In the near term, Cruz and his allies in the kamikaze caucus besieging Obama's health care law have little chance to succeed, no matter how long Cruz holds the Senate floor. Too many congressional Republicans recognize that the party lacks the leverage to force Obama to renounce his signature achievement and believe that the weapons that Cruz and like-minded House Republicans would wield against the president — defunding the government or defaulting on the federal debt — are the political equivalent of a suicide bomb.
And yet it's undeniable that since last fall, momentum in the party has flowed toward the vision shared by Cruz and House conservatives: The GOP road to revival demands unbending confrontation with Obama and an unalloyed conservative message focused on shrinking government in 2016. That's almost a complete reversal of the dominant impulse immediately after Obama's reelection, which marked the fifth time in the past six presidential elections that Democrats had won the popular vote. At that point, the GOP's loudest faction argued that Obama's victory showed the party needed to reach beyond its graying base of conservative, mostly older, whites.
No one would ever confuse Rubio with a moderate, but the conviction that the party needed a broader reach provided the tailwind for his rocketing postelection rise. Although Rubio would never phrase it this way, his embrace of legislation that included a path to citizenship for millions of immigrants here illegally came to symbolize the acknowledgment that the GOP could not rebuild a majority coalition without reconsidering some of its long-held beliefs.
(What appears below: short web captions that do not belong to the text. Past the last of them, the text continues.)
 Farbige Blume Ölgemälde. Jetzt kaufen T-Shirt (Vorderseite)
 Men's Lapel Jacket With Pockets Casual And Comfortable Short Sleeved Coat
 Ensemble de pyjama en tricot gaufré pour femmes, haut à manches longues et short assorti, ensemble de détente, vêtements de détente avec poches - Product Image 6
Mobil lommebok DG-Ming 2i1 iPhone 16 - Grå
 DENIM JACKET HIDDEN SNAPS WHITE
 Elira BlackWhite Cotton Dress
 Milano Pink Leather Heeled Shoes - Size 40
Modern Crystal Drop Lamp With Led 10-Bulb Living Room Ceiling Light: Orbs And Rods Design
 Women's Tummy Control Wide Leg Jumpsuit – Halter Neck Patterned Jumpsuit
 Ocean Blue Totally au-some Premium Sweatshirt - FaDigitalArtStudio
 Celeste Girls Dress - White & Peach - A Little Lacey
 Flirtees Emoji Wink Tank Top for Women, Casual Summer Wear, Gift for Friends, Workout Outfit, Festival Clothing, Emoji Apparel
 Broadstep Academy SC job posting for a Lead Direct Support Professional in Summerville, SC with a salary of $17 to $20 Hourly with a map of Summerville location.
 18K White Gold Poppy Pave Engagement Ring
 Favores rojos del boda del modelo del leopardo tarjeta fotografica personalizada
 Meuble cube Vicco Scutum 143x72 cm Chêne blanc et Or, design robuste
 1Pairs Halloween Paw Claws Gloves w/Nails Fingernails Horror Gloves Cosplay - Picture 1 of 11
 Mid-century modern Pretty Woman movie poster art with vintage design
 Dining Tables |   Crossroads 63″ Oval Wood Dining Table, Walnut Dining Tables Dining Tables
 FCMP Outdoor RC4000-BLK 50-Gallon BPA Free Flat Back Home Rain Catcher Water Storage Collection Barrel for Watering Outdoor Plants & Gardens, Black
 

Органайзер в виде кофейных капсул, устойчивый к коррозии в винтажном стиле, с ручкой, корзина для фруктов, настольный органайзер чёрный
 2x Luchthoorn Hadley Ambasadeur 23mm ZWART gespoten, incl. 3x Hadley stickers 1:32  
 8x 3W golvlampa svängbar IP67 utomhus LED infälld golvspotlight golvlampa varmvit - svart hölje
The rise of Cruz and the kamikaze caucus reflects precisely the opposite. Their strategy assumes, against formidable evidence, that the traditional Republican base remains a national majority — if it can be inspired to turn out by way of undiluted conservative arguments expressed through unflinching confrontation against Democrats.
That vision has electrified conservative activists and interest groups and steamrolled over the hesitations of GOP congressional leaders dubious about the tactics (if not the goals) this movement is demanding. It's revealing that Rubio, ever since the immigration debate, has seemed in a breathless race to reconcile with the Right; he pointedly stood at Cruz's side this week.
The force of this wave virtually guarantees that congressional conservatives will impose on the party a procession of confrontations against Obama through his second term. And that will compel all Republicans, including the 2016 contenders, to repeatedly choose between a conservative base demanding they rush the battlements and polls showing most Americans resist scorched-earth tactics such as shuttering the government or defaulting on the debt. In this current round, while Rubio has aligned with Cruz, Govs. Chris Christie of New Jersey and Scott Walker of Wisconsin and (intriguingly) Sen. Rand Paul of Kentucky have mostly distanced themselves from his charge.